Confronting Racism

 Glenn Bigonet, M.A.

Social Activist for Racial Equity

Facilitating Discussions about Racism

 

617-462-6642

gbigonet@icloud.com

           

 

Color Blindness

 

"White people think it's a compliment when

they do not 'see' you as a black person."

Morgan Jerkins, This Will Be My Undoing

 

Probably the most common way that progress white people have tried to fight racism is by trying to become color blind. Some people say this was inspired by Martin luther King when he said he dreamed of a day when he would be judged by the strength of his character instead of by the color of his skin. Many people took these words to heart and decided if we ignore the color of people's skin and keep our focus on who the individual is, then we will no longer be racist and we can stop racism in our society. A whole generation of us have focussed on being color blind and teaching our children to be color blind as well.

 

Unfortunately, it is impossible to be truly color blind as we are constantly bombarded with direct and indirect messages about race that influence our unconscious biases. It is impossible to truly be blind about something that is in front of us every day.
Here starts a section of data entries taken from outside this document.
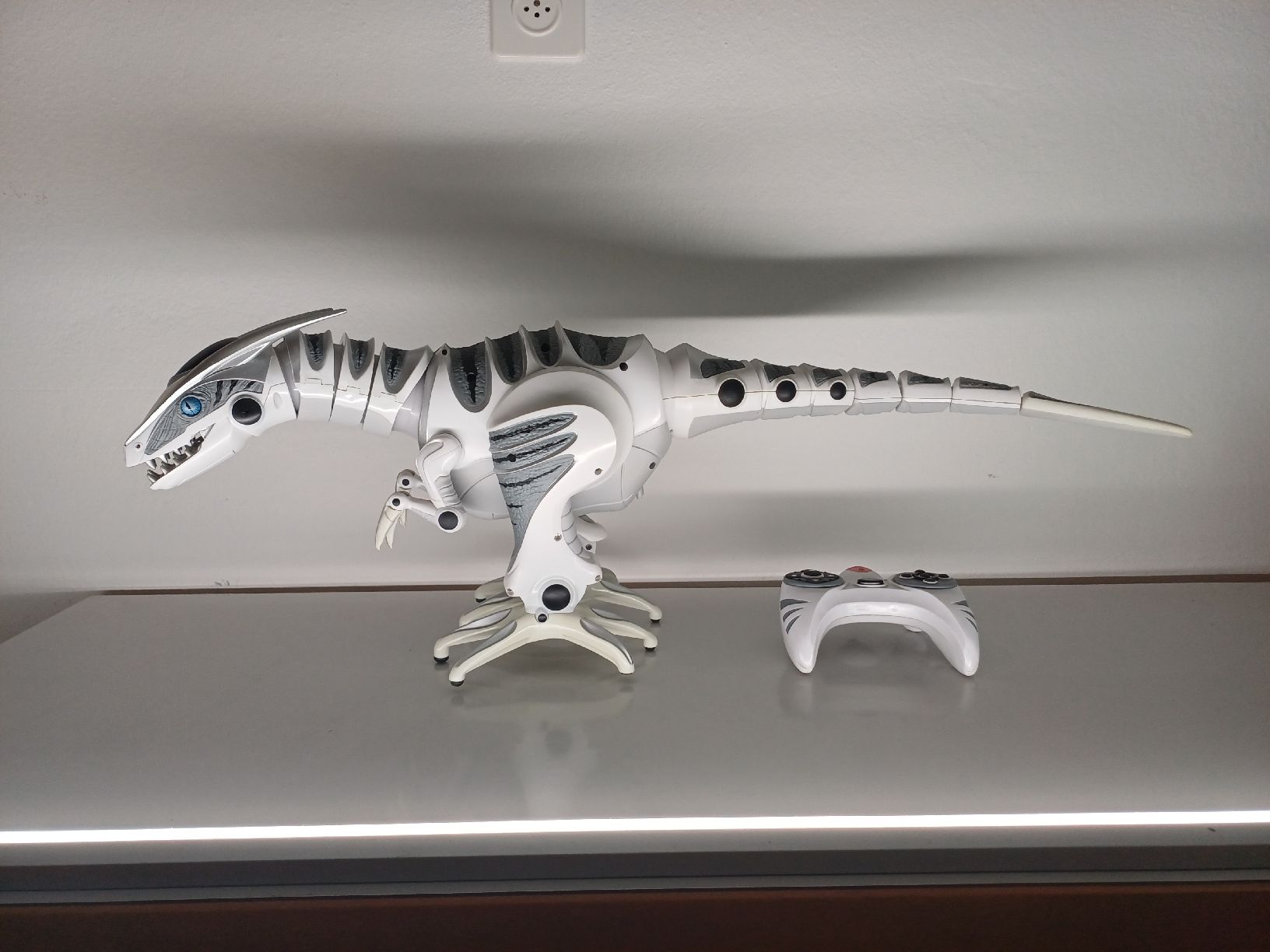 Spielzeuge: Roboraptor + Remote Control (functional) – Gebraucht aus Gorduno von MirellaDaniel 1
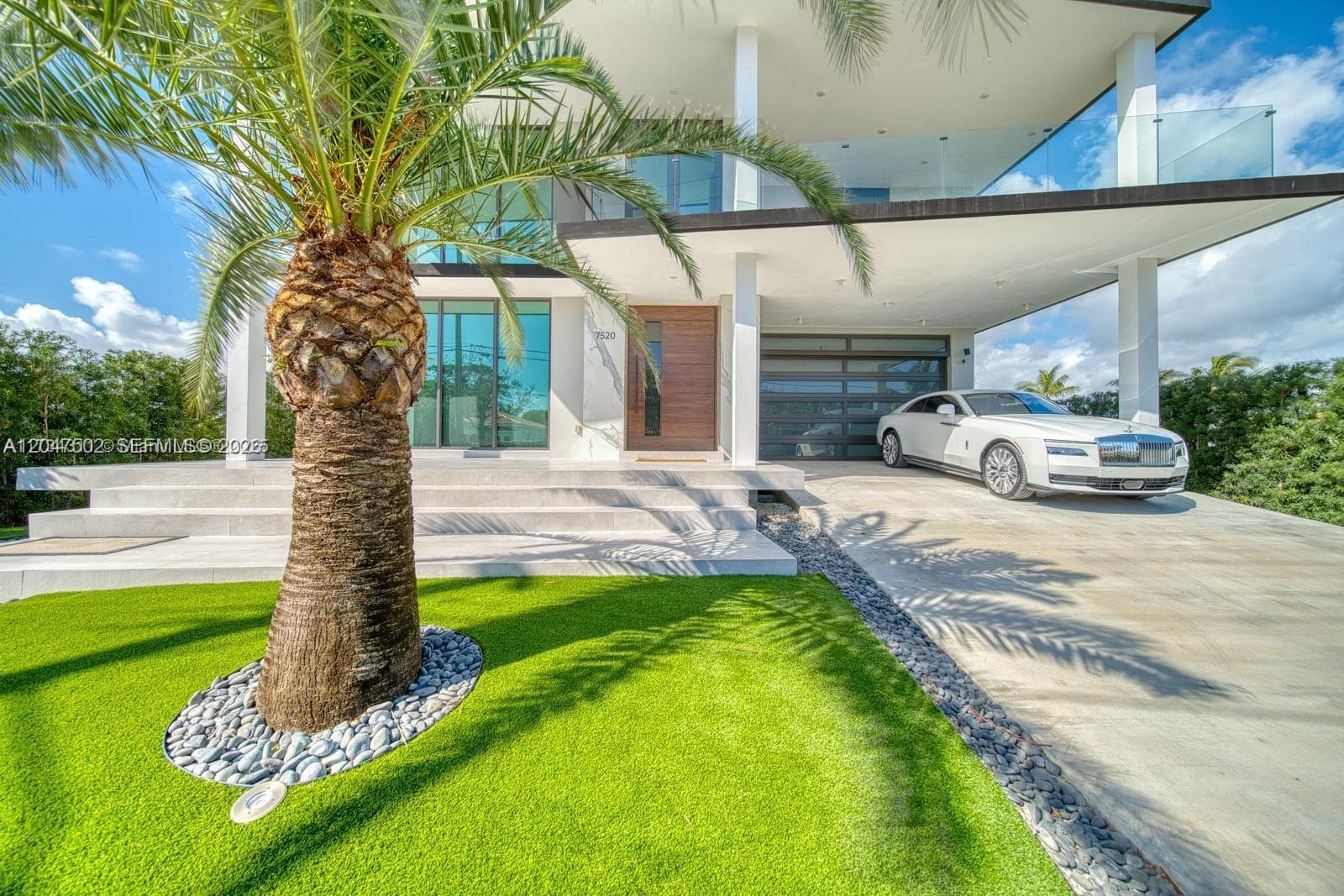 7520 W Treasure Dr photo 3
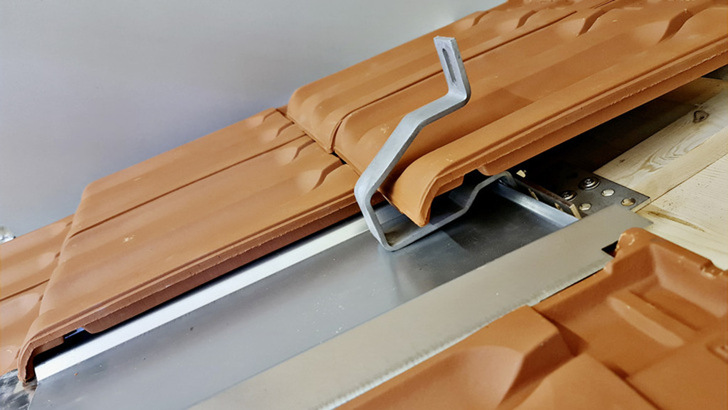 Varista hat den Dachhaken so geformt, dass er unter jeden Dachziegel passt.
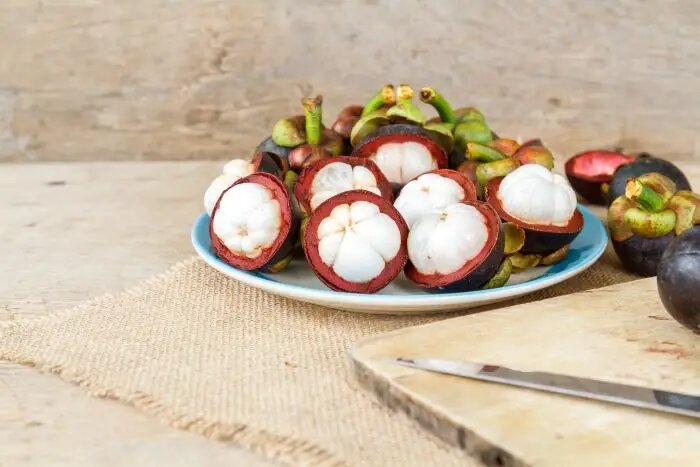  В 100 г мангустина содержится около 12% от рекомендуемой суточной нормы аскорбиновой кислоты   ©Freepik.suksao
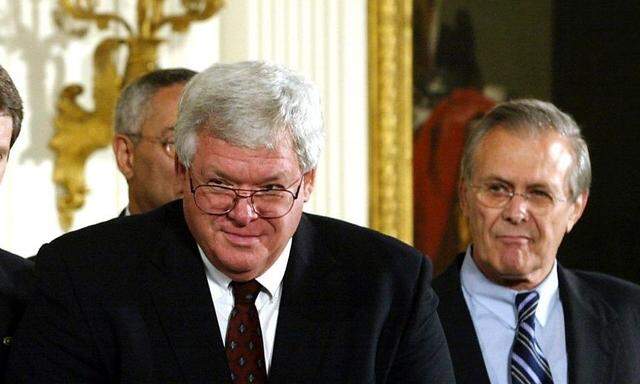 Denis Hastert (l.) auf einem Archivbild, hier mit Ex-Verteidigungsminister Rumsfeld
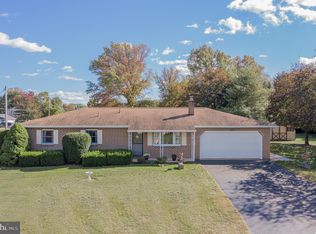 101 W Hunter Rd, Carlisle, PA 17015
Beverly Daniel Tatum writes "In theory, this sounds good, but it overlooks the fact that people of color are not having the same experiences as White people."(p. 226-227) In "Racism Without Racists" Eduardo Bonilla-Silva states that "If we take seriously whites' self-profession to color blindness, one would expect significantly high levels of racial interaction with minorities in general and blacks in particular."(p.16) Where this is not the case in today's world it is clear evidence that true color blindness does not yet exist. 

 

Although good intentioned, attempted color blindness in the end supports racism. First, because we say we are color blind then we are clear that we are not part of the problem and therefore there is nothing we can do to change it. We therefore fall into white apathy and don't address it at all allowing the status quo of racial harm to continue. Second, because we refuse to see color we are much less likely to see racism when it is right in front of us. We simply can't allow ourselves to acknowledge racism when we don't acknowledge that people of color have different experiences than we do because of the color of their skin.

 

My Experiences around Color Blindness 

 

For myself I have strived for years to be color blind but have struggled with my not being able to do it as so many racist thoughts would come into my head when I'd be interacting with someone of color. As I believed that others truly were color blind this caused me regular shame and distress that I was unable to. The one place that I thought I was truly successful was in my goal of teaching my children to be color blind. Their mom and I were determined to make sure that we weren't going to raise children who were going to be racist. As I've grown to understand the harm that color blindness can cause I've begun to have discussions with my now adult children about racism only to learn that they were not in fact color blind like I thought they were. I feel like we are now for the first time in a place where we can have real conversations about racism and our roles in supporting it.